My former work supervisor cautioned me often on my tendency to externally process things. Greg pointed out how I tend to share my thoughts out loud instead of keeping them to myself. Several thoughts should have never escaped my lips. They should have been kept in my mind, instead. Greg told me time and again to be careful what I said. I wonder how many things I tore down with words that should have never been said out loud.
We also make bad judgments when it comes to actions we take towards others or things we purchase or decisions we make. We have all torn down things - our bank account, the trust of others, our image, our marriages, our self esteem - because of things we did that we should not have done. It does not take long to tear something down. How many times have you written an email that should have never been sent?
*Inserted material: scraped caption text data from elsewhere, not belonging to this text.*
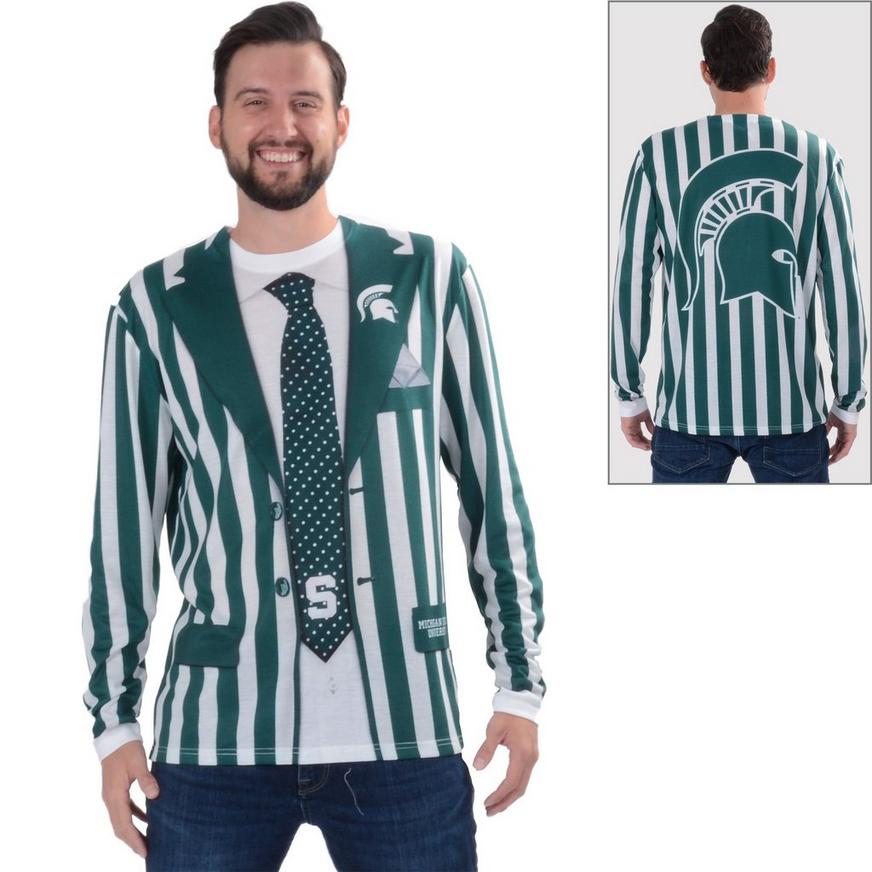 Mens Michigan State Spartans Striped Suit Long-Sleeve Shirt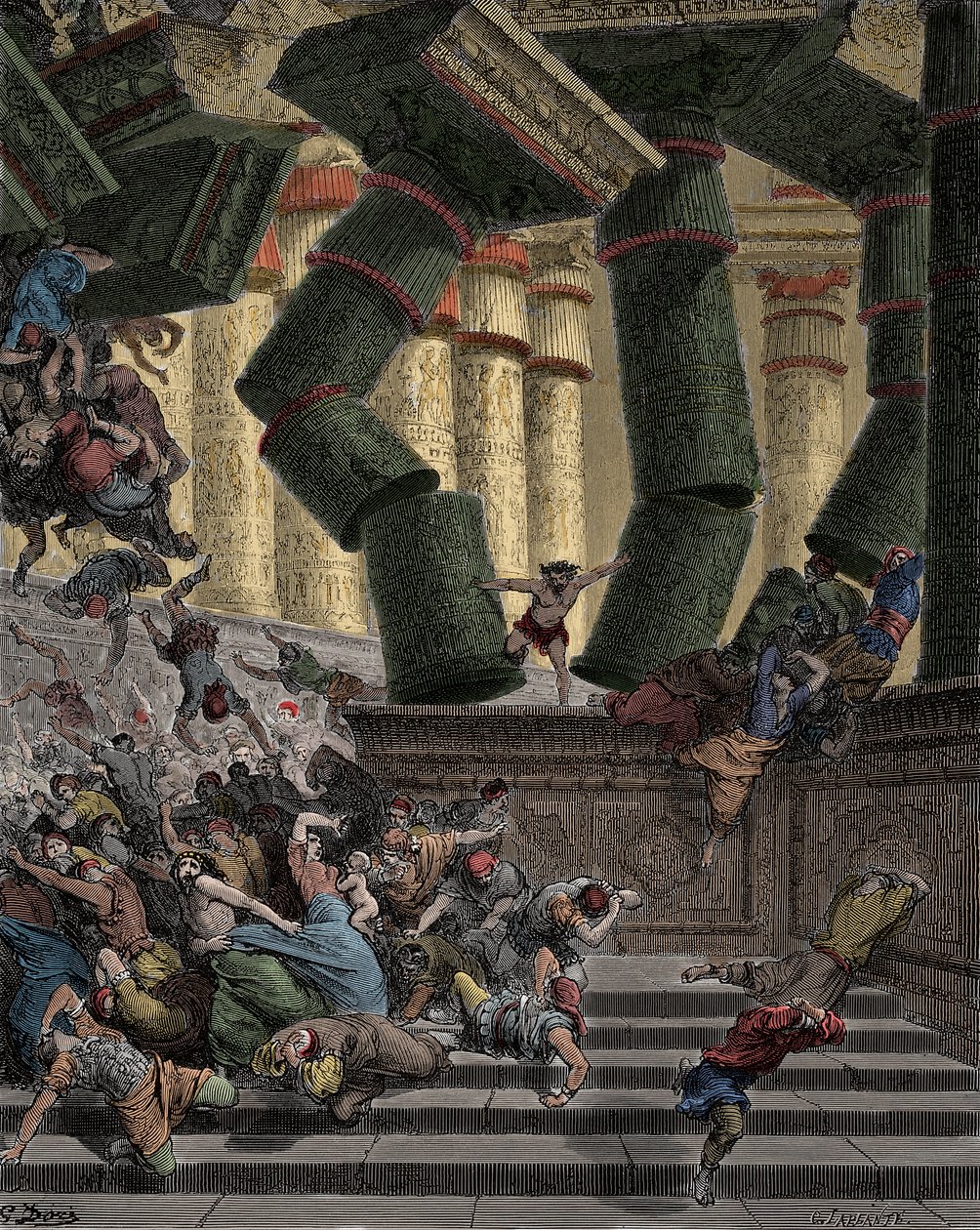 Samson nedbringer Dagons tempel Gravering af Gustave Dore (1832-1883) af Gustave Dore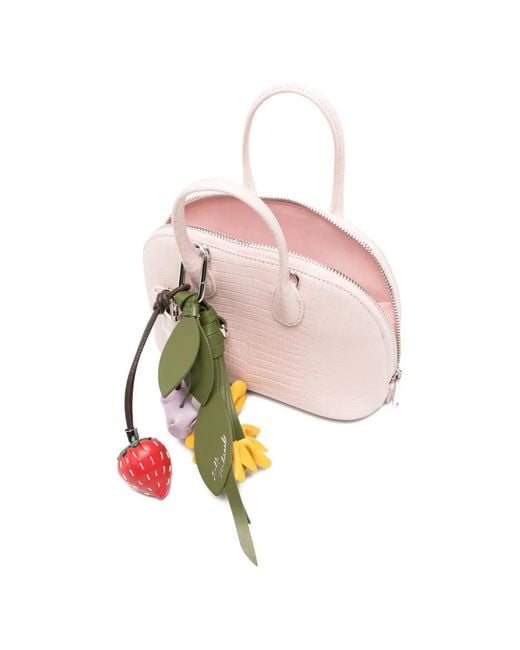 Self-Portrait Pink Lizard-Embossed Leather Mini Tote Bag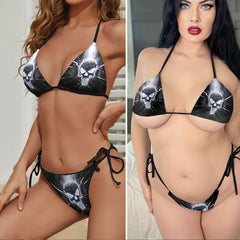 Electric Skull Discharge Micro Triangle Bikini Swimsuit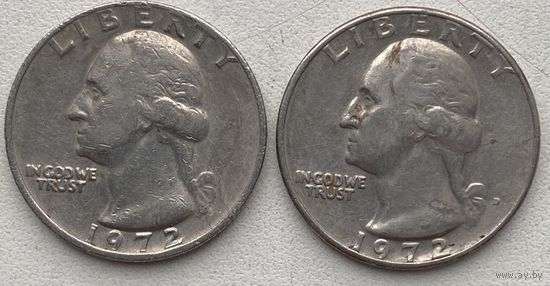 США 25 центов (квотер) 1972 г. P + D. Цена за 1 шт.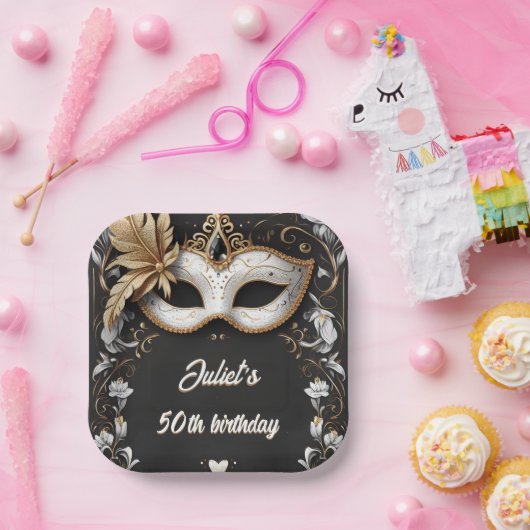 tutu zwart goud chic Masquerade 50e verjaardag Papieren Bordje (Feest)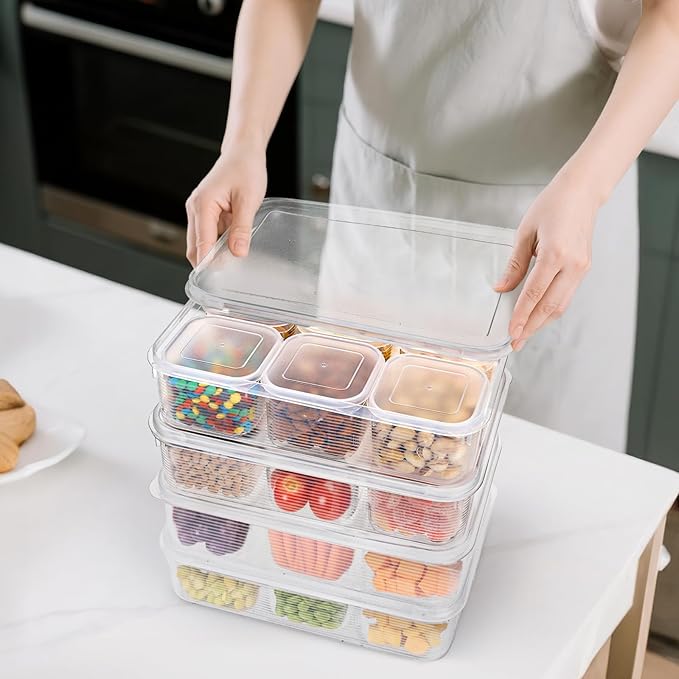 4 Pack Salad Bar Container for Fridge, Plastic Food Storage Organizer with Lid, Stackable Refrigerator Bins with 24 Individual Removal Boxes, Reusable Meal Prep Container for Fruit, Vegetable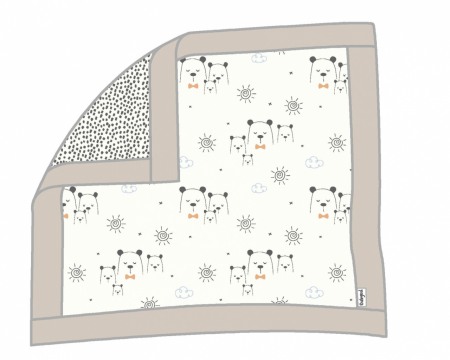 Baieti - Paturica bumbac cu 2 fete bebe baiat, imprimeu ursuleti, bej, Babybol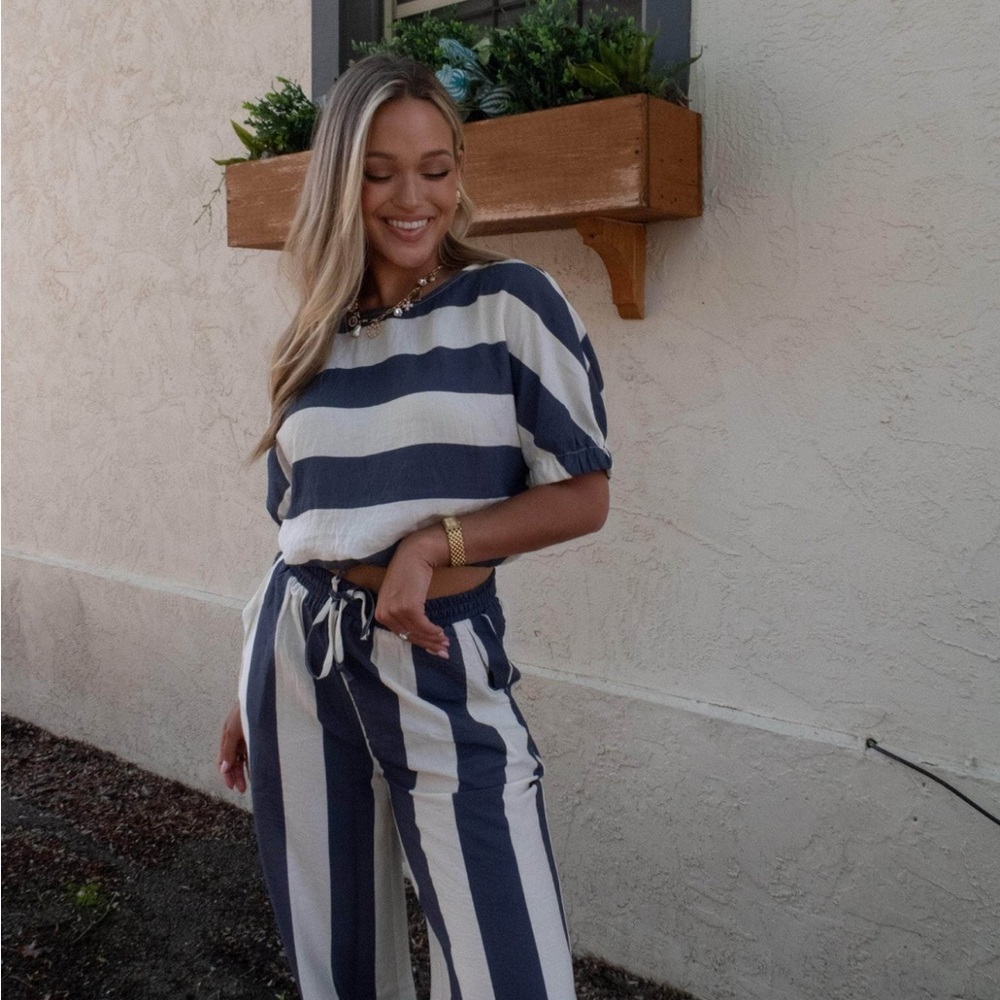 ⚓️ NWT❗️MIOU MUSE NAVY COASTAL STOLL PANTS WIDE LEG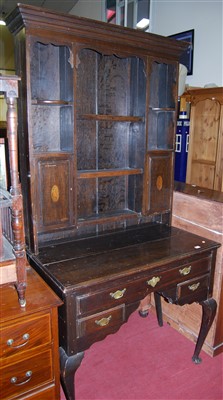 Lot 1206 - An antique oak narrow dresser, the top having...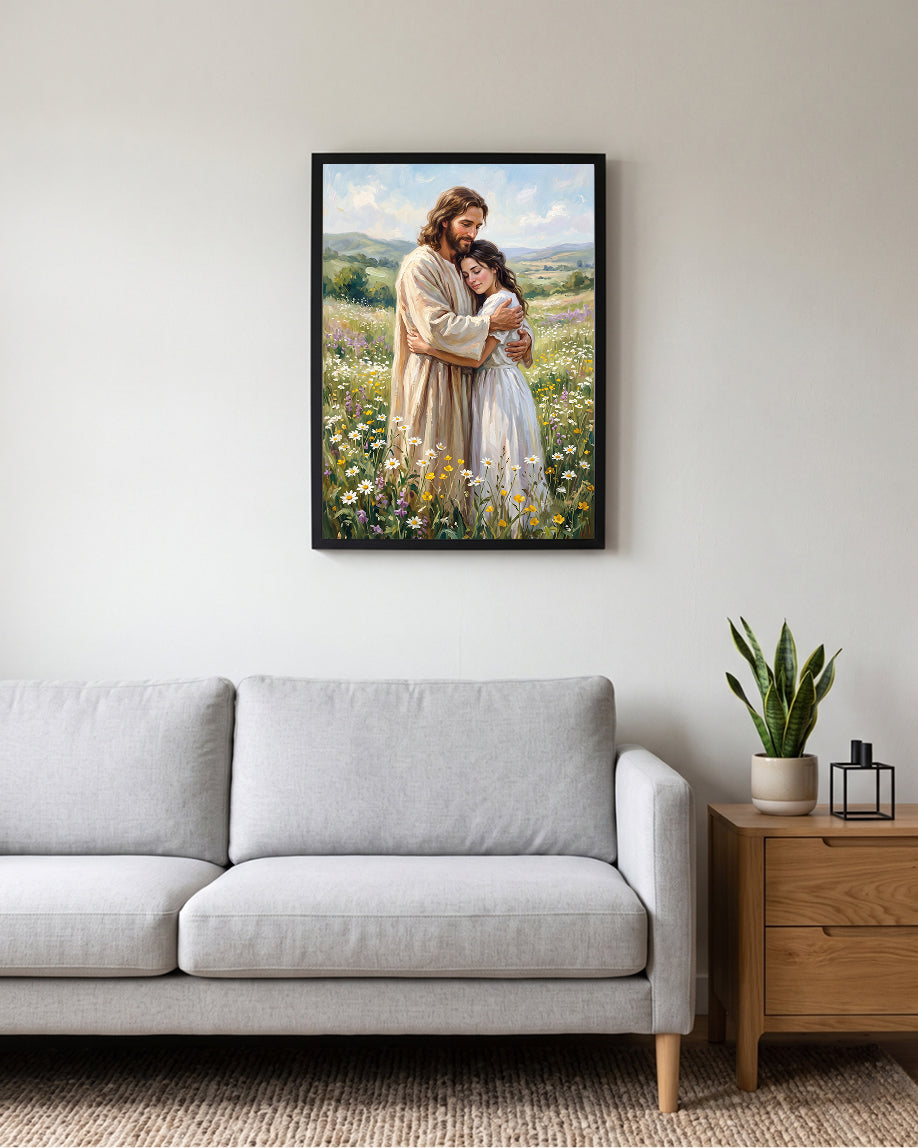 digital print, christian wall art, printable wall art, jesus wall art, jesus wall decor, jesus christ portrait, jesus digital art, religious digital print,Jesus Embracing Woman Wall Art | Christian Love Art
I laughed when I was in the construction trailer yesterday and noticed a drawing on the board. It is a drawing that shows the demolition and excavation work to be completed. It shows what needs to be removed between the church and the hotel in order for something new to emerge. We are not as careful about tearing things down in our own lives. We do them, and then see the big hole left as a result.
It is going to take two years for a building to be built on top of the place where the rubble now stands. It will take two years to create something new. We do not always have the option to start all over in this life. There are people who will never forgive us for what we have done to them when we tore something apart - trust, relationship, stability, reliability.
Yet, there is one who always provides a clean slate. There is one for whom nothing we do can keep him from loving us and yearning for us to come home. I am thankful that no matter how much demolition I have done in my life, Jesus still longs to be in relationship with me, to build me up, and to accept me just as I am. Like a little pile of clay, the master potter is never done with his creation.
Thanks be to God!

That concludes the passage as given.